Grundsätzlich lassen sich im Medienbereich auch Preise personalisieren. Einzelverkäufe sind im Medienbereich aber eher die Ausnahme, Flatrates sind der typische Fall. Und daher spielt die Personalisierung von Preisen nur eine untergeordnete Rolle.

Im Fokus der Personalisierung von Medienangeboten sollte aber natürlich die Personalisierung der Inhalte stehen. Früher war das nur für weniger komplexe Inhalte möglich, z. B. einfache Artikel. Heute geht dies auch mit komplexeren Inhalten, man denke z. B. an rechtliche oder medizinische Inhalte. Betriebswirtschaftlich will man in der Regel die Kundenbindung verbessern. Und mit mehr Daten über das Verhalten und die Wünsche eines Kunden kann man, zumindest grundsätzlich, zu immer mehr Personalisierung kommen – falls man dies denn möchte!


Das heißt mehr Personalisierung von Inhalten ist nicht immer besser?

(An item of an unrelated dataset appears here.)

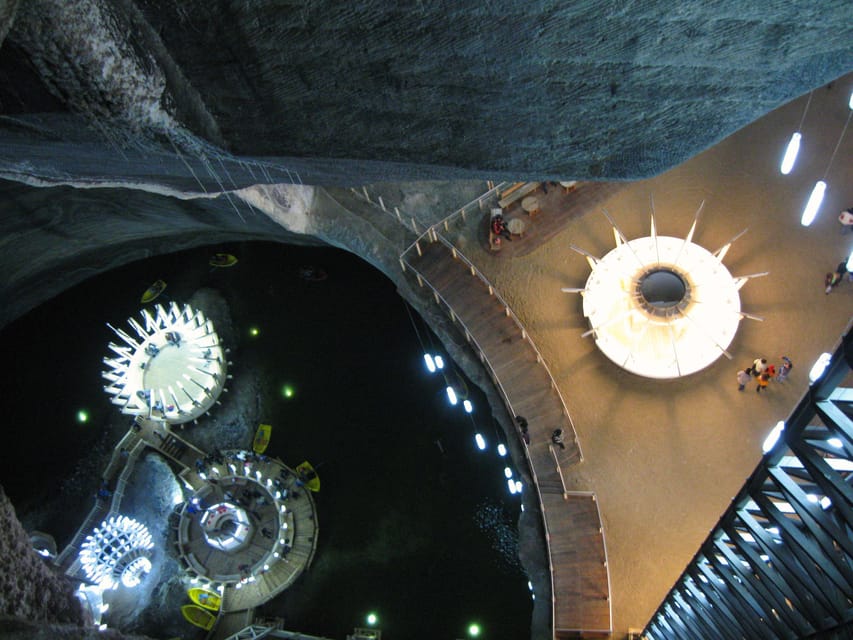 Turda Salt Mine 4h guided tour from Cluj - The guided descent and the route through the salt galleries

Absolut. Nicht immer ist Personalisierung von Vorteil. Denken Sie nur an die negativen Schlagzeilen über die Ausnutzung von Personalisierungsmöglichkeiten zur Preisdiskriminierung im Online-Handel. Eine Differenzierung von Personengruppen hat auch ethische Implikationen, die es zu berücksichtigen gilt. Der unbedachte Einsatz von Personalisierungssystemen im Medienbereich kann ebenfalls zur Bildung von sogenannten Filterblasen führen und damit Meinungs- und Bildungsprozesse in der Gesellschaft beeinflussen. Diese negativen Auswirkungen einer zu starken Personalisierung sollten Verlage besonders im Blick behalten. Letztlich geht es darum, die richtige Balance zwischen einem sparsamen Umgang mit Nutzerdaten und der Vorteile durch personalisierte Angebote für Nutzer zu finden. Um Filterblasen oder Echokammern zu vermeiden, sollte man zum Beispiel „Serendipity“-Ansätze in die Algorithmen einbeziehen, also Inhalte vorzuschlagen, die auf den ersten Blick bewusst nicht zu einem einzelnen Nutzer und seiner Historie passen.

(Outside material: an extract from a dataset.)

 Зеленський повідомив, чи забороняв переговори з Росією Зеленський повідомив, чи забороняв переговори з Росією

Letztlich geht es darum, das richtige Maß an Personalisierung zu finden. Wie gestalte ich Personalisierung? Diese Entscheidung kann nur unter Wahrung beider genannter Ziele und im Einzelfall getroffen werden.

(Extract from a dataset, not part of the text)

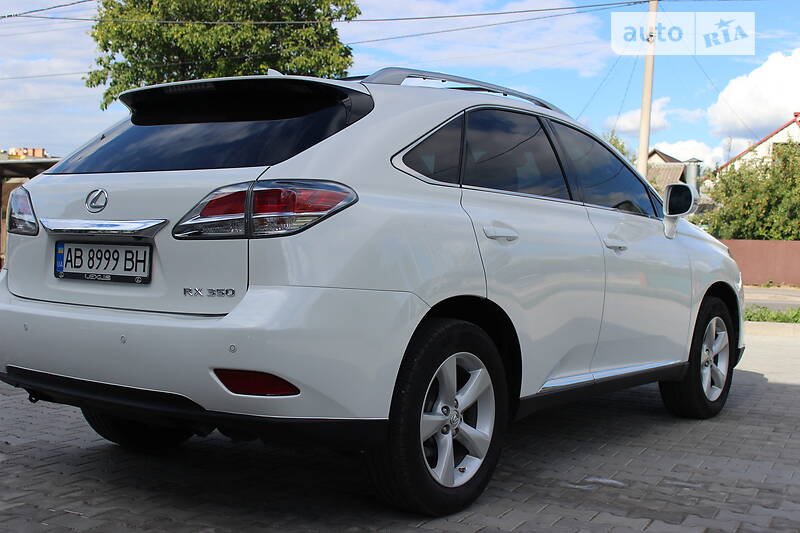 Седан Lexus RX 2015 в Виннице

Wie sehen Sie die Zukunft der Personalisierung? Welche Trends zeichnen Sie sich? Was sind wichtige Entwicklungen?
Personalisierung gibt es schon seit Jahren, aber sie wird immer elaborierter. In den letzten Jahren haben sich drei Trends herauskristallisiert. Erstens wird
die Personalisierung in Echtzeit, die sogenannte „Real-Time-Personalisierung“ immer besser. Technisch ist möglich, Nutzern durch Personalisierung individuelle Webseiteninhalte anzuzeigen, auch ohne die Nutzer vorher zu kennen. Das heißt, wenn ein Kunde zum ersten Mal eine Website besucht, kann diese bereits personalisiert werden. Neue Technologien liefern hierbei die Daten über das Nutzerverhalten in Echtzeit, was die Personalisierung erleichtert. Ein zweiter Trend ist die Omnichannel-Personalisierung. Unternehmen versuchen zunehmend ihre Kunden über verschiedene Kanäle anzusprechen und die Datensätze zu verknüpfen. Heute kann man übergreifende Profile erstellen und dafür Daten über verschiedene Geräte hinweg sammeln und analysieren. Auch das Thema „Predictive Personalization“ wird in Zukunft noch interessanter werden, denn mit künstlicher Intelligenz gibt es die Möglichkeit, Kundenverhalten zu antizipieren und über gezielte Maßnahmen unter anderem die Gefahr einer Kundenabwanderung zu reduzieren. So können Unternehmen kritische Momente für Marketingzwecke identifizieren und verstärkt proaktiv auf den Kunden eingehen (z. B. durch das Ausspielen von Pop-up-Fenstern im richtigen Moment). Drittens wurde die technische Basis geschaffen, um Emotionen auf Seiten den Kunden besser auszulesen und anhand von diesen, personalisierte Angebote zu schaffen. Diese Entwicklung ist Ausdruck des Fortschritts der impliziten Personalisierung, d.h. der Personalisierung ohne explizite Preisgabe von Präferenzen durch Nutzer.